Based on this physical process decoupling, a “two-stage hybrid model” is proposed. The transition point between the two stages is defined as the time step when the measured average core temperature (internal_avg_temp) reaches its maximum value.

2.5. Baseline Models for Comparison

To rigorously evaluate the performance of the hybrid model, four baseline models representing distinct modeling philosophies were selected for comparison. These models were chosen to provide comprehensive benchmarking against the simplest baseline, traditional physics-based simulation, standard end-to-end machine learning approaches, and advanced deep learning methods.

Figure 5. Schematic diagram of the Random Forest regression algorithm.

Figure 5. Schematic diagram of the Random Forest regression algorithm.

2.5.1. Naive Forecast Model

This represents the most fundamental time series baseline model, also known as the persistence model [46]. Its core assumption is that the system state will remain unchanged in the short term [47].

$${\widehat{T}}_t=T_{t-1}$$

(4)

2.5.2. Physics-Based Finite Element Model (FEM)

This model represents the traditional engineering simulation approach based on first principles. As described in Section 2.2, it simulates heat transfer within the structure and heat exchange with the environment by solving the Fourier heat conduction partial differential equation.

In this study, we directly used the nodal temperatures (fem_internal_avg_temp) simulated by ANSYS 2024 R1 software under given initial conditions, boundary conditions, and material properties as the prediction results. This model represents the predictive capability achievable through pure physics-based simulation without calibration using field-measured data.

2.5.3. Single Random Forest Model

This is a powerful end-to-end machine learning model without stage partitioning. Random Forest is an ensemble learning algorithm based on decision trees [48] (Figure 5). It improves prediction accuracy and robustness by constructing numerous decision trees and aggregating their results (typically through averaging for regression problems) [49]. Key techniques include the following:

Bootstrap Aggregating (Bagging).

Multiple sub-training sets are randomly sampled with replacement from the original training set, and each subset is used to train an independent decision tree.

Feature Randomness.

During node splitting in each decision tree, instead of selecting the optimal feature from all available features, the selection is made from a randomly sampled feature subset. This further increases model diversity and effectively prevents overfitting.
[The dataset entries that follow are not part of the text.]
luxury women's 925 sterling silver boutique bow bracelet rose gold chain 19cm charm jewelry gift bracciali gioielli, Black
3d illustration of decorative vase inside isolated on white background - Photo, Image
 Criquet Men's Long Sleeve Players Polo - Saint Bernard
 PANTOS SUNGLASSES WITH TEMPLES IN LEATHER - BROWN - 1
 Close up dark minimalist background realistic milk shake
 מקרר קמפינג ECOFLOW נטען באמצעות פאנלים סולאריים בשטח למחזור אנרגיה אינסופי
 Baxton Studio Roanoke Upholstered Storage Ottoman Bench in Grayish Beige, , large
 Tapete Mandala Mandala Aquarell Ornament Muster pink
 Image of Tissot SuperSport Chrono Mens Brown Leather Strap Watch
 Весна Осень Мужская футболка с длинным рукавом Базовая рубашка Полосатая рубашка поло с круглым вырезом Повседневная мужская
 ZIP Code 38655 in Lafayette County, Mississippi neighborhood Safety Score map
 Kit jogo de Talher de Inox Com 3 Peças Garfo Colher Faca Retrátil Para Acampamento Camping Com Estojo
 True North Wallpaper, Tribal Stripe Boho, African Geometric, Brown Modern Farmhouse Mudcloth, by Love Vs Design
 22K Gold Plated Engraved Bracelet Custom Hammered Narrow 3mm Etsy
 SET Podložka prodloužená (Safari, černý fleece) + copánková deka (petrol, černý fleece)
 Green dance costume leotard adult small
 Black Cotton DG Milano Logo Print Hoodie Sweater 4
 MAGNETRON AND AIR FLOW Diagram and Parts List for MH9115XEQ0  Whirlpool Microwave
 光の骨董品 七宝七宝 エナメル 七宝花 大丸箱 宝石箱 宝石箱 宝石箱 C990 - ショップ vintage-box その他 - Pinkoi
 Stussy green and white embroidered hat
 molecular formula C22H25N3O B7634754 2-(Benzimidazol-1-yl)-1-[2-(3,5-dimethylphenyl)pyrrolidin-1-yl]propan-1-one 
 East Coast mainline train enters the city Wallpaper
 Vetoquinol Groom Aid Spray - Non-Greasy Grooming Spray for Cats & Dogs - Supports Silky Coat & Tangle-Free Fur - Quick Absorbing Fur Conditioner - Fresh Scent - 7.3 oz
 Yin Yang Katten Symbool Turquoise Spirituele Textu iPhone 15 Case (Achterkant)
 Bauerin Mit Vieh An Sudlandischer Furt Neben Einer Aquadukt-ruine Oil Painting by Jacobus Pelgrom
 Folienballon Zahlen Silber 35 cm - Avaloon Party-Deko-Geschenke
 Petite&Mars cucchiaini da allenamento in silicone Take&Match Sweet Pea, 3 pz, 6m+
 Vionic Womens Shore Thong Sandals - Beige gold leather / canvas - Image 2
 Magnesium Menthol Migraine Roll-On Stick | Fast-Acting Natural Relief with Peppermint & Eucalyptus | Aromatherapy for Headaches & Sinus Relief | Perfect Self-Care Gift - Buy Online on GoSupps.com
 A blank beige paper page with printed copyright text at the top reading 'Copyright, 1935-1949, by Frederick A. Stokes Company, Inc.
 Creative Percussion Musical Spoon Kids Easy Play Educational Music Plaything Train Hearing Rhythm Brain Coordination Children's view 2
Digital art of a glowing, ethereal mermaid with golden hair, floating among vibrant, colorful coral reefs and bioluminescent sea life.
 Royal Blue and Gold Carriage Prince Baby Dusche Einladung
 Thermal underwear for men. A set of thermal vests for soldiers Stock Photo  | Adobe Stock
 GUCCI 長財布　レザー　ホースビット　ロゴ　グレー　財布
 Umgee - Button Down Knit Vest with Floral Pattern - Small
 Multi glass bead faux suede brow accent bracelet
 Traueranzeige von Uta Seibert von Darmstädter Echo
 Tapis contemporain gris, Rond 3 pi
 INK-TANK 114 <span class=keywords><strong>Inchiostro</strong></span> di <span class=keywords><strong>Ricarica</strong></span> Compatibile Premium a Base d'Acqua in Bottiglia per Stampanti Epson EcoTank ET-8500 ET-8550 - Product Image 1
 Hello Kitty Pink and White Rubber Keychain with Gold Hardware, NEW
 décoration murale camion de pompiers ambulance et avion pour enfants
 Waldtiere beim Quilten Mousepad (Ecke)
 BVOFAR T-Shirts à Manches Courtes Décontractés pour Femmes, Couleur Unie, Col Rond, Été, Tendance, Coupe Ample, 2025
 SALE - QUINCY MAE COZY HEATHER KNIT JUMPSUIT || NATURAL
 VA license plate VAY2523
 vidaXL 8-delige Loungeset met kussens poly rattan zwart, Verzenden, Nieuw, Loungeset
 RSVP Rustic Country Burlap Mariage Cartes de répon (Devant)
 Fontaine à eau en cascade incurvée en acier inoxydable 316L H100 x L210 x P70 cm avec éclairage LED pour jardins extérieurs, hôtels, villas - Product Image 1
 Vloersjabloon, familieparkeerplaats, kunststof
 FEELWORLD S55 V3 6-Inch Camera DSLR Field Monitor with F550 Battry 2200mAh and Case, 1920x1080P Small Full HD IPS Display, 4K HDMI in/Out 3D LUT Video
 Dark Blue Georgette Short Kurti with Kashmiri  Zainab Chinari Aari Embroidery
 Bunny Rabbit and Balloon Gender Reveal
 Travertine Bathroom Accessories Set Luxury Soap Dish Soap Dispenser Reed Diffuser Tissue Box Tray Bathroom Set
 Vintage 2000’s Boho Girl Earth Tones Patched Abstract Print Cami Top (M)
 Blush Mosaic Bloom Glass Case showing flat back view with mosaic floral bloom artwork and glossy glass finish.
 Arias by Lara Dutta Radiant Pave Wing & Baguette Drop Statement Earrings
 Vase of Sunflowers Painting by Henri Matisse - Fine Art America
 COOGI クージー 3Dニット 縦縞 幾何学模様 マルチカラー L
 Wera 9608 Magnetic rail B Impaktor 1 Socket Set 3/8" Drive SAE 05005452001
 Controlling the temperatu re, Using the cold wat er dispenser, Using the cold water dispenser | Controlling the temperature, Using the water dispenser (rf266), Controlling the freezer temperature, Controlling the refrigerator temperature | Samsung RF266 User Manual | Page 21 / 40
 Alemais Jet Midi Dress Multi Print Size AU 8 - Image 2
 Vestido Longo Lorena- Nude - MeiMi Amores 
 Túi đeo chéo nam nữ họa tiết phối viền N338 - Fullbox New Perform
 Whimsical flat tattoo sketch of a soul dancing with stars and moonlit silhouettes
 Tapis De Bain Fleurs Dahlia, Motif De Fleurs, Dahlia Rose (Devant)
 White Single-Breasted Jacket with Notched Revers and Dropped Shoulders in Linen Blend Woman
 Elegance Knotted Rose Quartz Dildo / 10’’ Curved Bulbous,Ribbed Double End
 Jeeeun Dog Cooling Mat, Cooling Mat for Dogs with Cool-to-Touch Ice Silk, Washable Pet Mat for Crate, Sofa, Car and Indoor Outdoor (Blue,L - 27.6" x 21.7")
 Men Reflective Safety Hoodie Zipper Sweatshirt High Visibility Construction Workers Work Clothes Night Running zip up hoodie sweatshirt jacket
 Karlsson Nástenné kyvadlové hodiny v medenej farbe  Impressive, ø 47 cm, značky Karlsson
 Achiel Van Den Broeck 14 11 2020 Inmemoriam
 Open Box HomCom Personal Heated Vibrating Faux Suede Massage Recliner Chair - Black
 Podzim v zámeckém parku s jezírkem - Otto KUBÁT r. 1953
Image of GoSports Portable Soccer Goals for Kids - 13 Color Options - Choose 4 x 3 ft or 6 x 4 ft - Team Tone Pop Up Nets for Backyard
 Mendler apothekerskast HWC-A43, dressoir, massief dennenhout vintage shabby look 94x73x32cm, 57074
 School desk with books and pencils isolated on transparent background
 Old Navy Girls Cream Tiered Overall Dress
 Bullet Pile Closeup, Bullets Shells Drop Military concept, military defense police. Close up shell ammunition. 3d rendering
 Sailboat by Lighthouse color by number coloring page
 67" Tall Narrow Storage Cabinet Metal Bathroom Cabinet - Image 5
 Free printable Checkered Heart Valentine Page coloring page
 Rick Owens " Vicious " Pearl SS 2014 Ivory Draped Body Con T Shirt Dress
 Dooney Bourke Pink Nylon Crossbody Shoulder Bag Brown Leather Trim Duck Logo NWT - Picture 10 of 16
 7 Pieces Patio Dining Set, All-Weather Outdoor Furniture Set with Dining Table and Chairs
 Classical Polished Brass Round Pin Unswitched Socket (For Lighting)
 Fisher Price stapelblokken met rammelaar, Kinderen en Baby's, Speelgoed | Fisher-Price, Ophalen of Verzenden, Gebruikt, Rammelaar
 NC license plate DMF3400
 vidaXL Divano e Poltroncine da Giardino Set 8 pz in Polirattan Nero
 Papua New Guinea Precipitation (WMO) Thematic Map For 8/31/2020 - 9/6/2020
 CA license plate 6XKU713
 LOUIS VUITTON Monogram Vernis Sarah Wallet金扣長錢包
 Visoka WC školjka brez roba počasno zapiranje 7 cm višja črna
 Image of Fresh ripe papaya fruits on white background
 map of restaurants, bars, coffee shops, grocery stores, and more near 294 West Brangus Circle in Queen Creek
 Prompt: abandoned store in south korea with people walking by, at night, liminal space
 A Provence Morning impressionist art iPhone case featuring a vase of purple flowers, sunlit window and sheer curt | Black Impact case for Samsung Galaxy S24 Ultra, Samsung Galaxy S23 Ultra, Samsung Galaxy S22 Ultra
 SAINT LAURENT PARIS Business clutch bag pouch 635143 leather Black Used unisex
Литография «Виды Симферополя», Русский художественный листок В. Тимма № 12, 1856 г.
In this study, a single Random Forest regressor was employed to directly predict the concrete temperature throughout the entire process. The model’s hyper-parameters were configured as follows: the number of decision trees (n_estimators) was set to 100, a quantity that balances model robustness with computational efficiency. To allow each tree to fully capture the complex, nonlinear relationships within the data, the maximum depth (max_depth) was set to be unrestricted. The mean squared error (criterion=’squared_error’) was used as the splitting criterion, which is a standard choice for regression tasks. To capture fine-grained data features, the minimum number of samples required to split an internal node (min_samples_split) was set to 2, and the minimum number of samples at a leaf node (min_samples_leaf) was set to 1. At each split, the best feature was selected from a random subset, the size of which was the square root of the total number of features (max_features=’sqrt’). This strategy enhances model diversity and effectively mitigates the risk of overfitting.

We trained a single Random Forest regressor using the complete dataset, which contains all environmental and lagged features, to directly predict concrete temperature throughout the entire process. This model aims to examine the performance of a standard, powerful machine learning model without considering physical stage partitioning.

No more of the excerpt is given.